Pagina:Bosboom-Toussaint, Majoor Frans enz (1888).pdf/257

Deze pagina is proefgelezen

»Ik was dit verplicht om mijne veiligheid en ter geruststelling van mijn vader, die mij altijd in gevaar waande van opnieuw gevangen genomen en geëxecuteerd te worden!"

»Welnu dan, dat gevaar is niet verminderd, zelfs niet na al de jaren van vrijwillige ballingschap; de krijgswet is onverbiddelijk, gij erkent het zelf, evenals het eergevoel van uw vader! Het gerucht van uw dood is tot hem gekomen; hij gelooft er aan, hij heeft er zich over getroost."

»Al heel gemakkelijk, zooals ik nu inzie."

»Neen! het heeft hem smart en strijd gekost, dat kan ik getuigen; maar toch, nu is er kalmte gekomen, gevoel van veiligheid en onbezorgdheid op dit punt; de wonde is tot een litteeken geworden, dat maar bij enkele oogenblikken nog van pijn trilt. Waartoe dit nu weer op te rijten; waartoe, zelfs bij de mogelijkheid (en die stel ik niet) dat hem het weerzien niet smartelijk schokken of vertoonen zou, hem die rust, die zwaar bekampte rust, te verstoren?

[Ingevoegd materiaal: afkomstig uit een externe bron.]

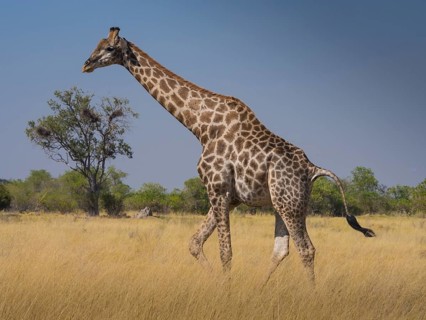 South African giraffe or Cape giraffe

Hij vreest nu geene rampen, hij vreest nu geene schande meer voor u; die zekerheid houdt op zoo ras hij weet, dat gij leeft en den overmoed hebt gehad in het vaderland terug te keeren. Alle angsten en zorgen, die zijne grijsheid vervroegd hebben, zullen hem dan opnieuw overvallen; hij zal rust noch duur heb ben eer hij u weer veilig over de grenzen weet, en het zal u nog wel heugen hoeveel moeite en bezwaren dat ons herhaaldelijk heeft gekost."

»Het is waar, maar al te waar! Ik ben een ondankbare loshoofd, aan dat alles niet te denken. Ik zal mij dan maar getroosten, weer heen te gaan zooals ik gekomen ben," verzuchtte Rudolf, en hief zich op met de matheid van iemand die zonder lust of kracht een zwaren tocht meent te moeten aanvaarden…

»Maar gij zult niet gaan zonder u wat verkwikt en verfrischt te hebben," sprak Francis met goedheid, nu zij zeker was van hare overwinning. Ik verblijdde mij dat zij er uit zich zelve toe kwam; want het stond bij mij vast, dat ik Rudolf von Zwenken niet vermoeid en aemechtig uit zijns vaders huis zou laten heentrekken…

»Ik zal u wat brood en v!eesch bezorgen; neef Leopold zal wel toestaan dat gij hier nog wat uitrust."

»En als het zijn kan, een glas wijn; want sinds mijn luncheon te twee ure, en nog wel in een boerenherberg, heb ik niets gebruikt."